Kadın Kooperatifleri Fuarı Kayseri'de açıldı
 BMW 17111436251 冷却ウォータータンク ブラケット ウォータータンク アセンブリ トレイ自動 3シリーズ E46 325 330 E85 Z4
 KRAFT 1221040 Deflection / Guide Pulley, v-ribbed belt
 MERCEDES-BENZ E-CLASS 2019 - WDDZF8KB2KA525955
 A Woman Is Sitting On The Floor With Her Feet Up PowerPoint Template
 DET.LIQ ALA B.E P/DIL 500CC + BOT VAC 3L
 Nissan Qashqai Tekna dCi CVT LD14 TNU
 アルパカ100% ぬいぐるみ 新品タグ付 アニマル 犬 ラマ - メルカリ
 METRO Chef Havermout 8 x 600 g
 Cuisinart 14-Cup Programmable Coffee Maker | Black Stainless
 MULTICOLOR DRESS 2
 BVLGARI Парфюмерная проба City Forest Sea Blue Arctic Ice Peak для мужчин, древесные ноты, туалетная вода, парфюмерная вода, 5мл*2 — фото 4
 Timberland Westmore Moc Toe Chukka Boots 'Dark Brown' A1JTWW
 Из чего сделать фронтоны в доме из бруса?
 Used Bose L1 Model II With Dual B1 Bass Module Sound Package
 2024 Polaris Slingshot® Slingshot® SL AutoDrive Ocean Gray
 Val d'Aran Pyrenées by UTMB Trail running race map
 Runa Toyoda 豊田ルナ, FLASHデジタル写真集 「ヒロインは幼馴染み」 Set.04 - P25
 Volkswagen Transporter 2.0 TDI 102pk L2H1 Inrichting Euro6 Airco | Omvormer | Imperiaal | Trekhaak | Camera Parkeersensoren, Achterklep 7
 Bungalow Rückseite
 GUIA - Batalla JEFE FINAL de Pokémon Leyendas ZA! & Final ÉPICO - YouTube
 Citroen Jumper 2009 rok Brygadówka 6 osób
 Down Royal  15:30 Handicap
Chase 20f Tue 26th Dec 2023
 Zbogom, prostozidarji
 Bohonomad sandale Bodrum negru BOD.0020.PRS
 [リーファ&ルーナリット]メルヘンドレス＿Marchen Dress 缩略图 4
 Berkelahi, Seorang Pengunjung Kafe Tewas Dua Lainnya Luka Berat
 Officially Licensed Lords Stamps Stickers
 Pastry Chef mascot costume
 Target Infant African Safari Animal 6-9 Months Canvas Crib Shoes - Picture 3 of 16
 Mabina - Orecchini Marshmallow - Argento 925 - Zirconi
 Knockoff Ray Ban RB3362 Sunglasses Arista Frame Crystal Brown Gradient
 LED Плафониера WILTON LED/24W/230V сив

=-=-=

### What you need to do:
Find each line in the records holding the string "With" and show it.

### Response below:
 A Woman Is Sitting On The Floor With Her Feet Up PowerPoint Template
 Used Bose L1 Model II With Dual B1 Bass Module Sound Package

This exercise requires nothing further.